Director

Director NOH Tae Won

Professor Noh is the director is the Center for Correlated Electron Systems (CCES), established in July 2012. Director Noh received his B.S. from Seoul National University in 1982 before departing for America where he obtained both his M.S. and Ph.D. from Ohio State University in 1984 and 1986 respectively. He was announced as the Director for the Research Center for Oxide Electronics within Seoul National University in 2000. In mid-2012 he was announced as the director for CCES.

Introduction

Creating a new paradigm shift in condensed matter physics through the synthesis and spectroscopic study of new strongly correlated materials

• - Discovering a new phenomenon or ground state of strong correlation
• - Synthesizing new strongly correlated materials
• - Setting a new paradigm to define the comprehensive physical properties of strongly correlated materials

Main research activities

Unlike in semiconductors and novel metals, electrons strongly interact with electrons (or other quasiparticles) in strongly correlated electron systems. As a consequence, lots of novel phenomena, including high TC superconductivity, ferromagnetism, and ferroelectricity, have been observed in these materials. Interestingly, if we make ultrathin films or heterostructures of such systems, more exotic phases can emerge. For example, we can realize Weyl semimetal, which shows 3D Dirac dispersion and surface Fermi arc states, by breaking inversion symmetry. At the interface of two insulators, it has been shown that 2D electron gas emerges and it shows interesting properties including superconductivity and magnetism. Because of this, the interest in strongly correlated materials has grown as the field becomes more popular.

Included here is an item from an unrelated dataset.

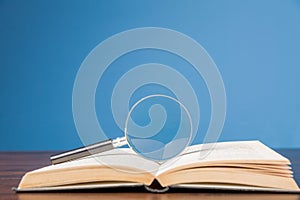 open book with magnifying glass on wooden desk in information library of school or university, concept for education,reading ,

The Center for Correlated Electrons Systems (CCES) focuses on realizing and understanding new exotic phases using oxide materials. Our research interests cover a wide range of subjects, such as superconductivity, topological properties, magnetism, and ferroelectricity. At the CCES we synthesize high quality single crystals, ultrathin films, and atomic-scale-controlled superlattices and we use state of the art techniques, including angle resolved photoemission and neutron spectroscopy to investigate the novel phases in strongly correlated electron systems. We use density functional theory and model calculations to predict and understand the observed phenomena. The combined efforts of several experimental groups and theory groups in the CCES will enhance our understanding of strongly correlated electron systems and their interfaces. We believe that our work will provide a new paradigm for condensed matter physics.